With 5 days between us and the spring election, a recurring feeling has been, "Where have all the supervising judges gone?"
The supervising judge is the person in charge of the polling place and we're scrambling to fill 175 slots for Tuesday. We have about 30 new supervising judges, election workers taking on this expanded responsibility, for this election.
Not too long ago--in 2012--we had 275 working in the November presidential election.
We had 182 in the November 2014 election.
We've lost supervising judges through attrition, but as we consolidated polling places, it wasn't a concern.

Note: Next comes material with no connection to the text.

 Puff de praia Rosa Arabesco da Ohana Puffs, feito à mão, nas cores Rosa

Now, it is, and will be one, majorly, heading into 2016.
We'll be taking a new approach, having promoted a new person to the assistant election commissioner role over this area and soon to be filling the election worker manager position with a seasoned veteran who has worked at Wyandotte County and will be coming back to Johnson County where he worked 8 years ago.
The goal will be to create a supervising judge and a deputy supervising judge at each polling place.

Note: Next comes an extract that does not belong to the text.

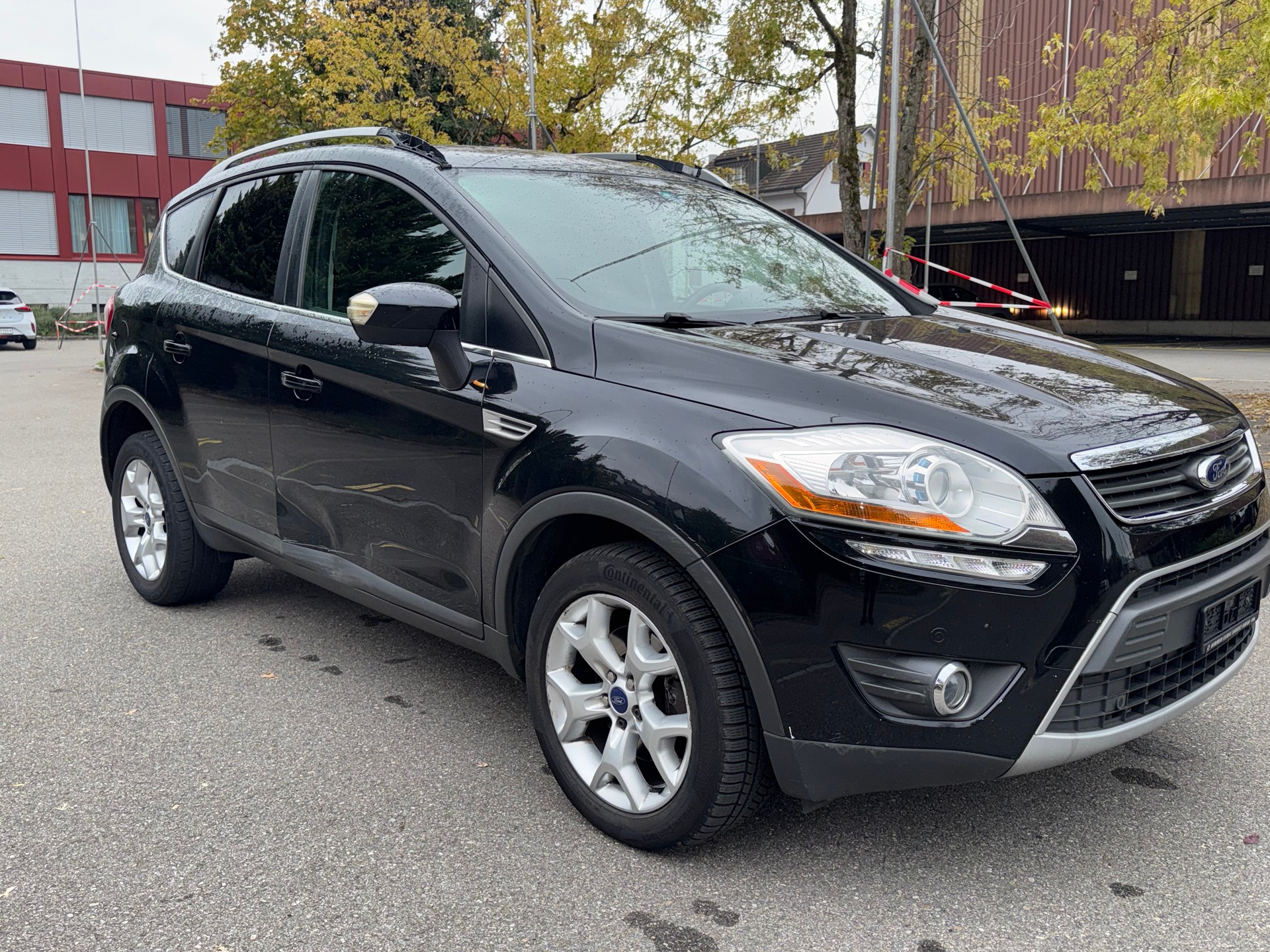 FORD Kuga 2.0 TDCi Titanium 4WD PowerShift-image-4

That's not to say it's an achievable goal, but is definitely an aspirational one. That way, should we lose a supervising judge as we come down to the wire (illness, travel, family emergency, etc.), we'll have someone trained and ready to step in.

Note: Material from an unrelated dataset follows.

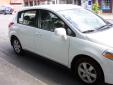 Bail pour Nissan Versa 2007 Blanc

This will require two major pushes: 1) an exhaustive recruitment of new workers and 2) regular training beginning this summer to prepare this new crop for next year. We never have trained workers out of cycle, but we will need to as we seek to add about 800 workers in general for 2016.
Part of the shortage is a simple fallout of workers who retire following a November election. Also, though, the reduction in polling places seemed like a trend that would continue, and it did--but we hit the nub in 2014. 182 is the minimum we can have for a November election.
But that's the gubernatorial election. We are expecting an 80 percent turnout in 2016 and, right now, with advance voting sites unknown and prospects reduced because the improving economy reduces potential vacant storefronts that can be used as advance sites, we're going to need every polling place (and election worker) we can get.
The situation also illuminates one thing we desperately need out of the potential pending state legislation to move spring elections to the fall. Whether it passes to move them to the fall of odd or even years (we prefer odd), we're hoping the requirement that schools keeping children out of schools on election day is vital.
If it's a holiday or teacher workday, either way we'd get the use of the school as a polling place.
As a point of reference, of the 175 polling places we are using in this election, only 2 are schools.
Schools represent a major upside potential in our expansion plans for 2016.
If only there was such low-hanging fruit for supervising judges.